Machine Learning paradigms

At the highest level, machines learn very similarly to how humans learn. Data is given to the neural network, and then the robot does some calculations and tests it’s performance against the environment.

Supervised Learning (SL)

Data comes with labels. The network makes an initial random guess at what the labels should be. Then, it compares the guesses to the actual labels, and determines how off it was (total error). It updates the network according to this error. If it’s really wrong, it updates a lot; similarly, if it’s close, not so much update. Every time it makes a guess, it updates the network. Well, roughly, but that’s TMI.

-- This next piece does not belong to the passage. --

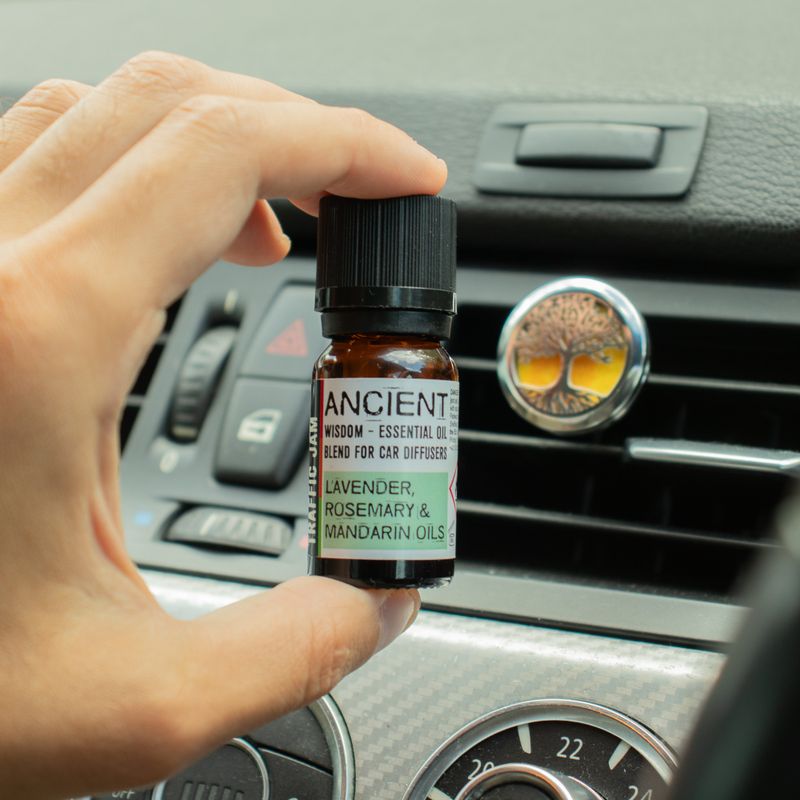 10 ml aromaterapeutická směs do auta - Dopravní zácpa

The network in times learns correlations between the data and the labels. This is why NNs are statistical in nature – they’re just making guesses based on averages. The more data, the better. It works pretty well if you actually cover all of the possible scenarios with your data and labels. Otherwise, expect a lot of false positives (FP) and false negatives (FN).

Examples: The o.g. GOAT Multilayer Perceptron, Linear Regression, Logistic Regression, Decision Trees (there are a lot of methods of each of these that are much more efficient and easier to get running than Neural Networks, so don’t start thinking NNs are the end-all be-all of math/stats)

Unsupervised Learning (UL)

This is basically a whole different branch of math. These include a bunch of different algorithms that use some crazy math to guess at the underlying structure of the data. That is, if the data has multiple different variables (like height, position, mass, intensity, etc.), which could be coming from sensors, all of the variables are treated mathematically as different axis, or dimensions. So sometimes we’re talking about data that has an input of length 50, and you’re doing high-dimensional math to try to figure out its structure.

The problem with this is true underlying structure probably doesn’t exist, so we’re still just correlating to data.

Examples: K-Means Clustering, Autoencoders, Hidden Markov Models, Neural Gas

Self-supervised Learning (SSL)

This is a great combo of the two above. SSL enables a NN to learn from the data itself about the data by using some creative methods. For example, with an image dataset, you can “mask off”, or cover up, parts of the image, and have the network try to predict what is covered up. If you can imagine, after viewing thousands of images of similar scenes, the network gets pretty good at predicting missing parts from images.

Similarly, modern large language models (LLM) do something similar. Big ones like ChatGPT go through huge collections of text, like all of Wikipedia, and try to predict missing words from sentences (knowing all along what the words are, just quizzin itself on the data it has).

Examples: ChatGPT, Claude, BERT (2018)

Reinforcement Learning (RL)

I saved the best for last. This one is awesome, and is literally about learning from your experiences (growth mindset!).

This paradigm considers:

an Agent: e.g. a neural network controlling a robot
an Environment: a video game, simulation, or the real world

An Agent senses information from the Environment, giving it information about the current state (of the environment).

An Agent then takes action in the Environment. This could be anything from waiting, to moving forward, to using it’s hands, whatever this agent has access to.

The agent keeps record of all of these (state, action) events in a thing called a trajectory, which can be thought of as the agent’s memory. Eventually, at some time in the future, the agent may get a reward. It then uses RL math to associate that reward with particular (state,action) pairs, thus valuing those pairs higher than other ones.

Done enough times, and the Agent learns how to get more Reward from the Environment.

A technique to learn an approximation of an optimal policy to achieve rewards in a game environment. The environment is a game, which basically just means a subset of the universe, which includes states that can change over time. We have a robot in the environment, and it can perform actions to change the state of the environment. Eventually, some states in the environment can be defined as a “reward”. The whole point of RL is to find some policy that maps states and actions to figure out how to get more reward by being in the “reward state” as much as possible.

For example, if you train a robot to play basketball, you can reward it only after it successfully plays a game and wins (robot score > opponent score). The robot will probably lose a thousand times first, and most likely will only win by random chance, but hey, that’s how most of us get our first wins in anything.